Last year, adult basic skills were a priority - expand to meet demand, we were told. So we did, recruiting more teachers and taking on several hundred additional part-time adults, mainly refugees and asylum-seekers.

But that was last year. It is hugely disappointing that our contract for this year funds 500 fewer adults than we enrolled last year. It will fund 44 fewer full-time equivalent adults than our original contract for last year. How can we meet local and national targets if our contract is for fewer students each year?

Like many, our college has responded enthusiastically to calls to develop pre-16 vocational programmes. Our new skills centre in Feltham was inspired by two local headteachers who saw the importance of vocational opportunities for their pupils. It's a successful partnership between the borough, the British Airports Authority, the local learning and skills council and the college. But now we simply don't know whether there will be funds for the programme beyond this year. This makes planning difficult and worries our partner schools.
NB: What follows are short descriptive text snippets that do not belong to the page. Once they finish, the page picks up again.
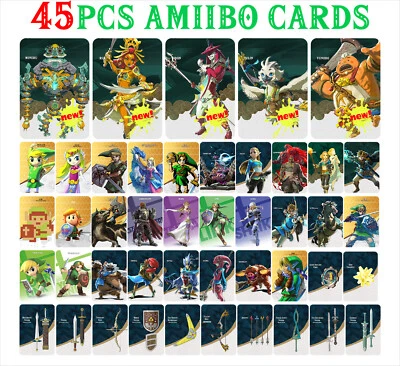 45-Piece Mini NFC Cards - BOTW & TOTK Zelda Series for Nintendo Switch & Wii U - Image 1 of 4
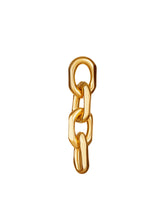 MUKTANK Gold Block Chain Earrings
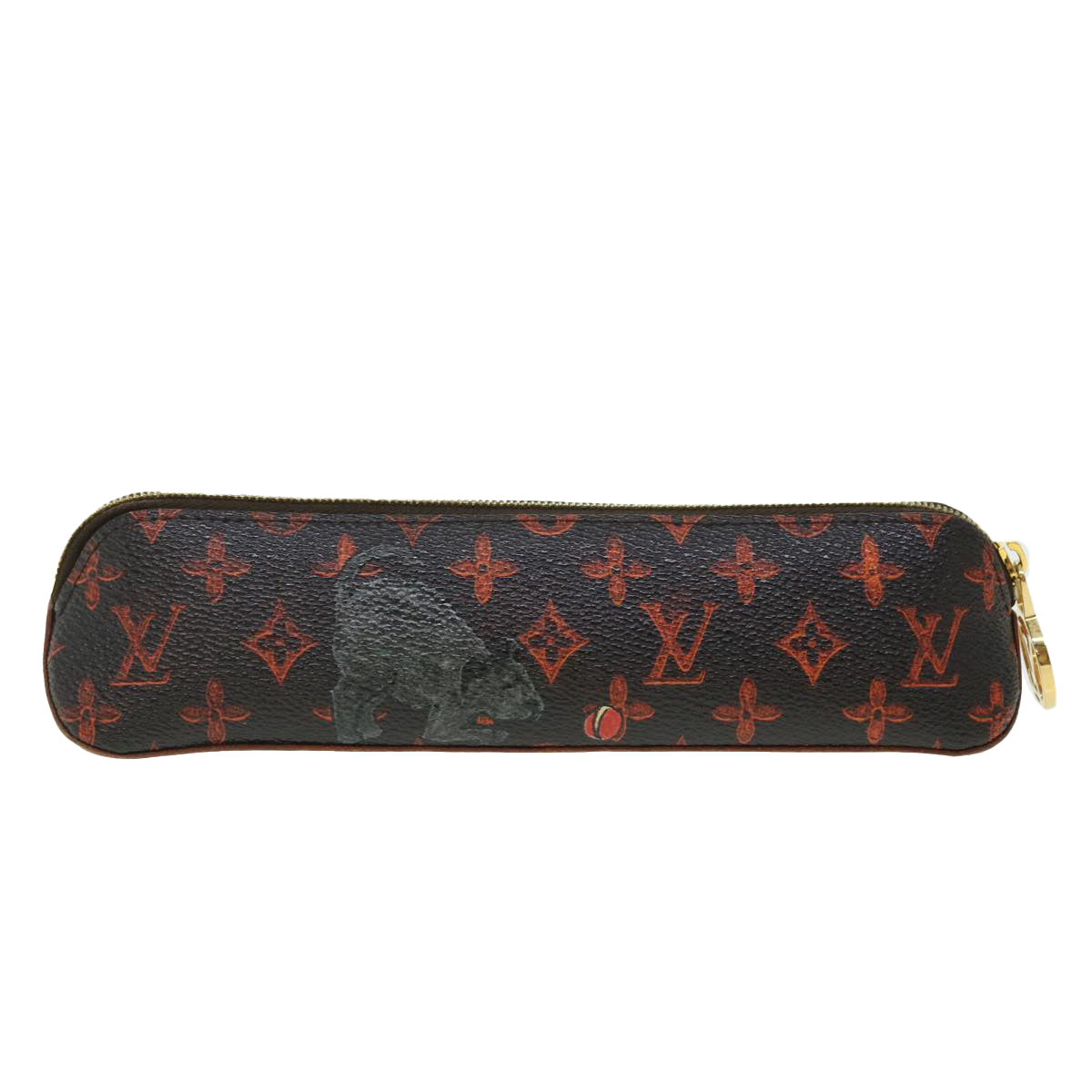 LOUIS VUITTON Catgram Trousse Elizabeth Pen Case GI0357 LV Auth 52176 - 0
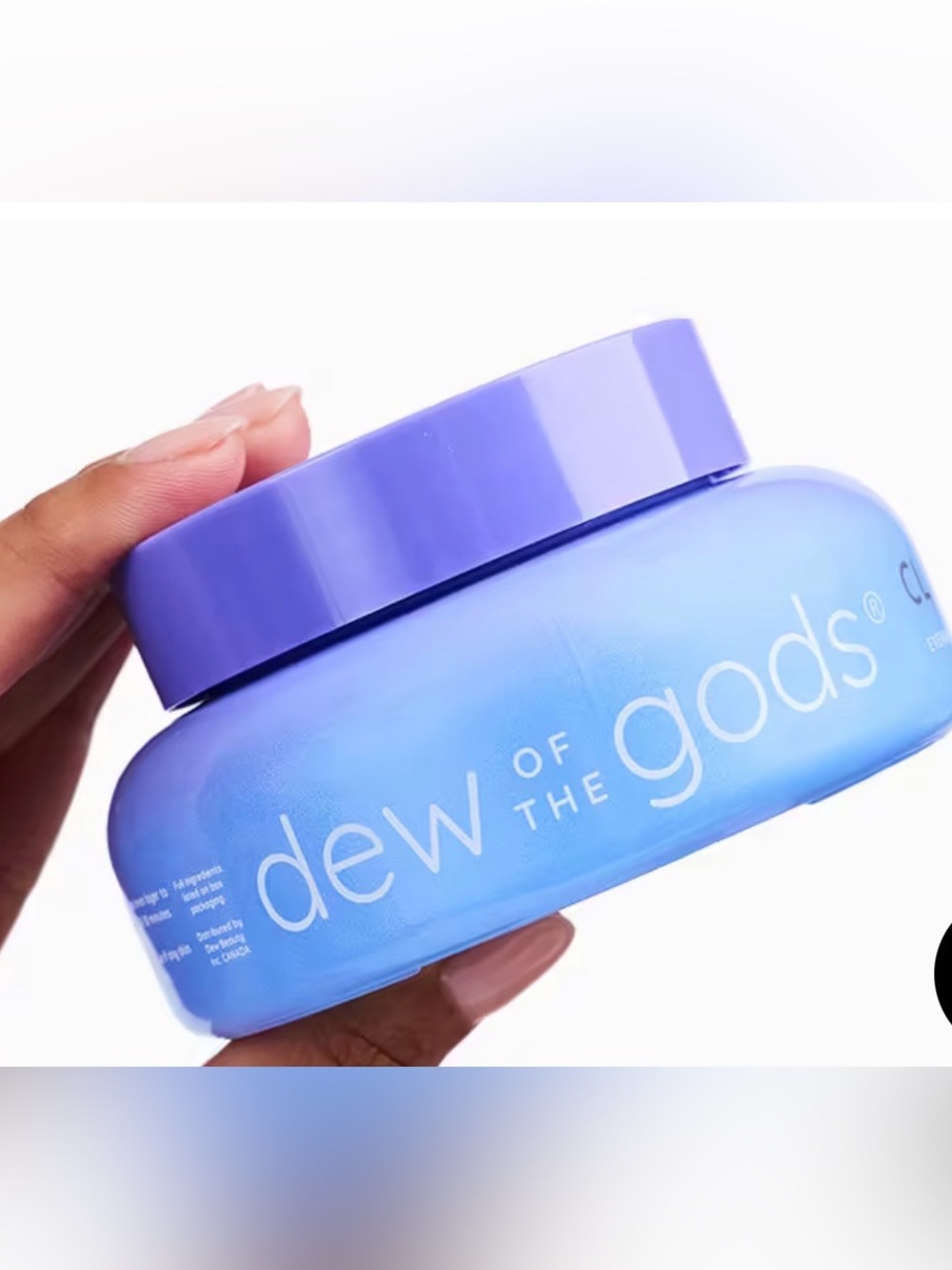 🧡2/$40 DEW OF THE GODS CLAYDREAM Evening Ceramide Barrier Mask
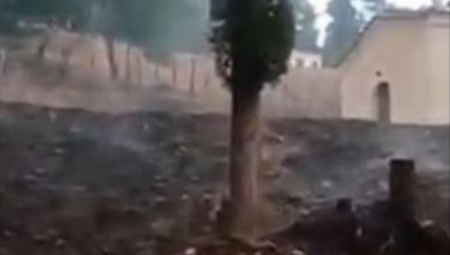 ČUDO U GRČKOJ! Požar na Eviji spržio sve, a onda je potpuno zaobišao Manastir! (VIDEO)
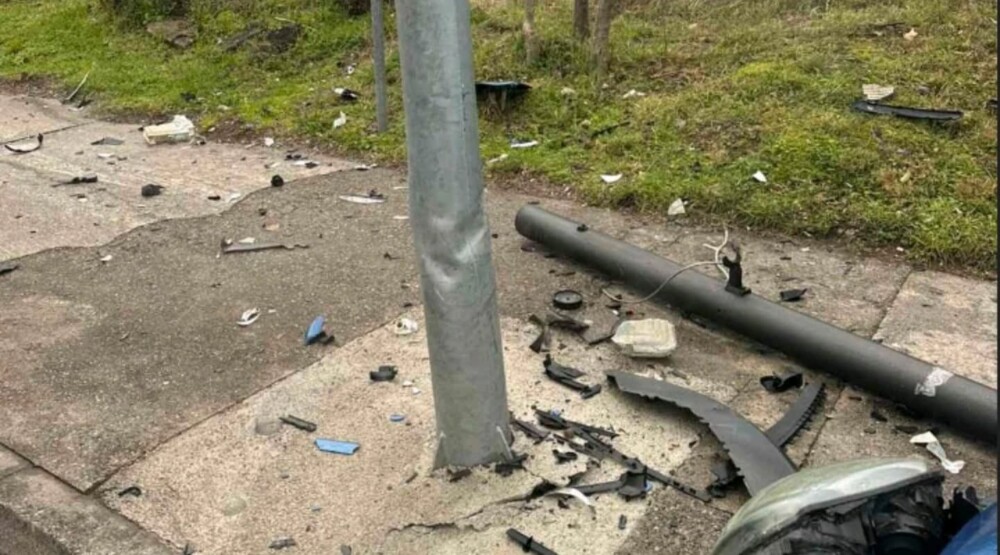 Zbog udesa oštećen veliki broj stubova javne rasvjete i semaforske signalizacije u Podgorici
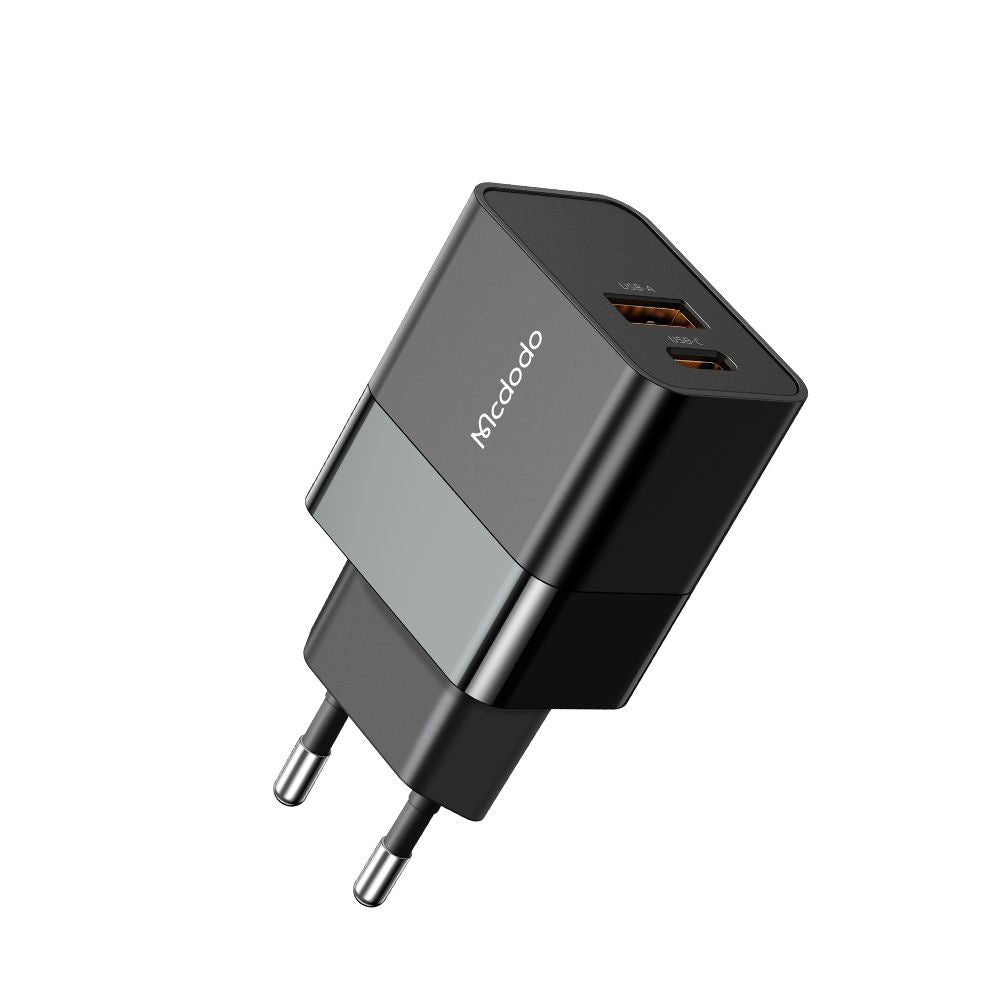 McDodo CH-1951 Hydrogen -verkkolaturi, 20W, 3A, 1 x USB-A - 1 x USB-C, musta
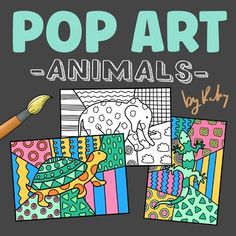 the pop art animals coloring book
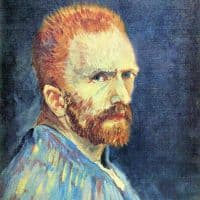 Van Gogh Self-portrait With Short Hair Hand Painted Reproduction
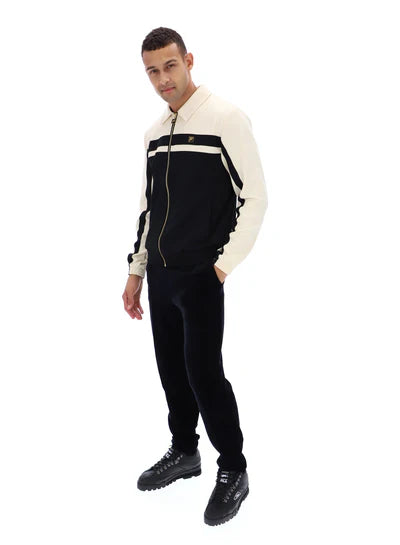 FILA Bill Track Top With Gold Trim Black - Raw Menswear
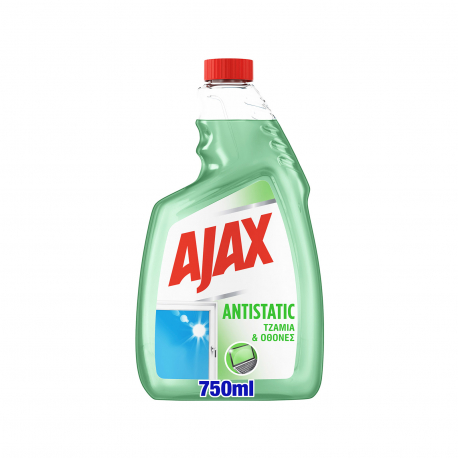 Ajax υγρό ανταλλακτικό καθαριστικό για τζάμια antistatic (750ml)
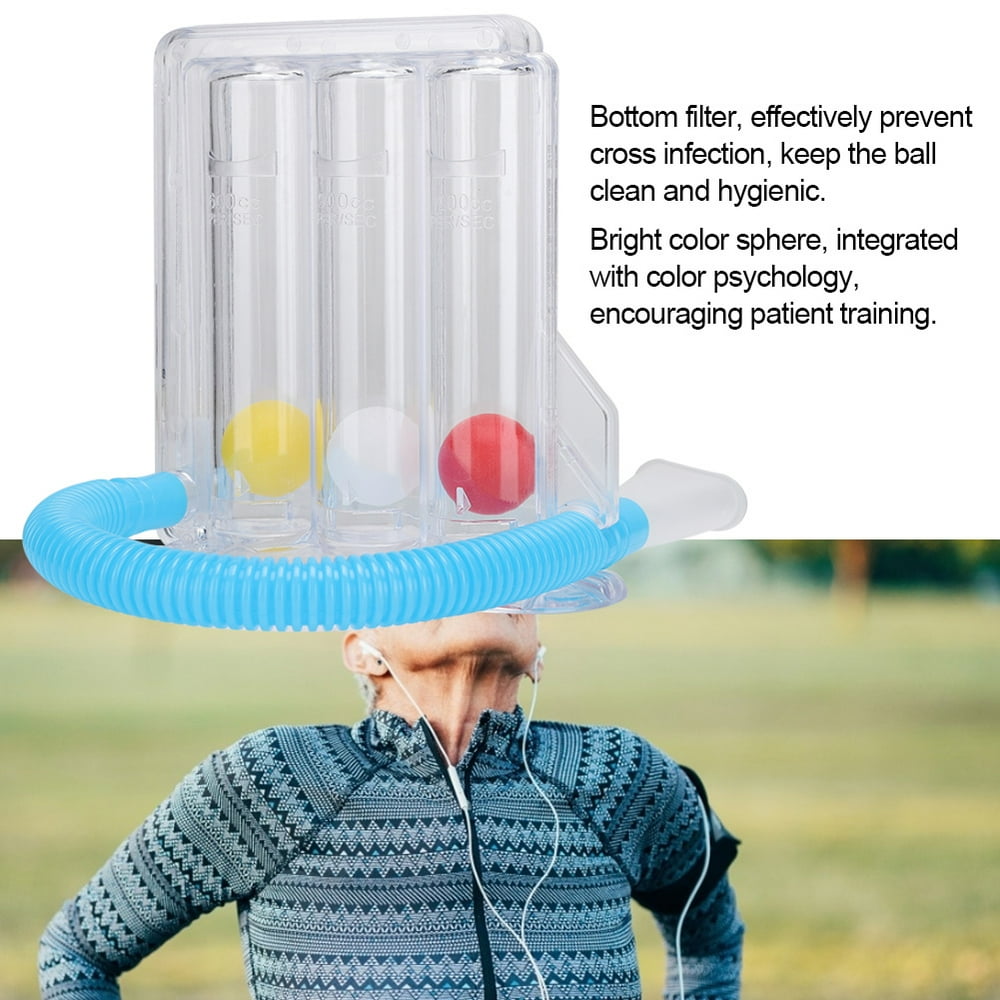 EBTOOLS Breathing Trainer,Deep Breathing Lung Exerciser Incentive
This year, the LSC's priority is 16-18 expansion. That should be fine, but we are told that we can only expand for 16 to 18-year-olds at the expense of adult learners. Just to remind you what an adult learner is: someone who is 19 or over. Now by foolishly going ahead with the expansion of 16 to 18s, especially those who come to us at 16 or 17 with very few qualifications, we have created groups of students who have become 19 and are no longer a priority.

It is disappointing that the delicate balance of resources in colleges such as ours is not understood. Our provision is highly vocational, with more than 50 per cent taking place in expensive specialist facilities. Ensuring that we offer progression routes in all our specialisms sometimes means that we have only one group at a particular level. Viability is often sustained by a mix of 16 to 18 and 19 to 20-year-olds. By reducing the numbers of students aged 19-plus, the viability of whole areas of specialist provision is jeopardised.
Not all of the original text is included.